Electrical resistance measurements may be made on PV panels to determine the integrity of electrical insulation in the panels and in connections between panels in a PV array. A decrease in the electrical resistance of electrical insulation in a single PV panel can lead to leakage currents which decrease the power output of an entire PV array. Once a leakage current starts to flow, dielectric breakdown can accelerate, so it is important to detect leakage currents quickly so that PV panels with degraded or defective electrical insulation can be isolated from the PV array and repaired.

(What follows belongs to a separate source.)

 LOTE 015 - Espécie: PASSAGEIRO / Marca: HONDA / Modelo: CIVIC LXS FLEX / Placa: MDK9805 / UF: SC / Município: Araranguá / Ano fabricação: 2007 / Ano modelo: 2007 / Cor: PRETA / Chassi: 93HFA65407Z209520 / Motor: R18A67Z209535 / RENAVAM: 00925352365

An insulation resistance tester (IRT) is a measuring instrument which may be used for detecting dielectric breakdown of electrically insulating materials. Some insulation resistance testers, for example the MEGGER™ line of test instruments produced by Megger, Ltd., operate by subjecting components in an electrical circuit to a known, relatively high voltage, and making measurements related to insulation resistance or leakage current. Insulation resistance test procedures may include warnings to test personnel to make sure that the circuit being tested is not energized by power sources other than the test instrument itself, and may warn personnel to avoid hazardous voltages produced during insulation resistance tests. In addition to current and voltage hazards, PV panels may be placed on building roofs or other locations that are difficult or dangerous for test personnel to access for the purpose of conducting insulation resistance tests. Testing insulation resistance of PV panels in a PV array using conventional methods can therefore be a lengthy, labor-intensive activity because each panel or group of panels being tested must be de-energized and electrically isolated, for example by removing electrical cables or wires between the PV panel being tested and the rest of the PV array before testing can be conducted safely and accurately. Any wires or cables removed before testing must then be reinstalled after tests are complete. Alternately, a PV panel to be tested may be mechanically and electrically disconnected from a PV array. Whichever of these methods is used for electrically isolating a PV panel to be tested, some disassembly and reassembly of PV array components may be required, thereby risking personnel exposure to the hazards of an installed and possibly energized PV array. There is also a risk of damage to the PV array components during disassembly and reassembly.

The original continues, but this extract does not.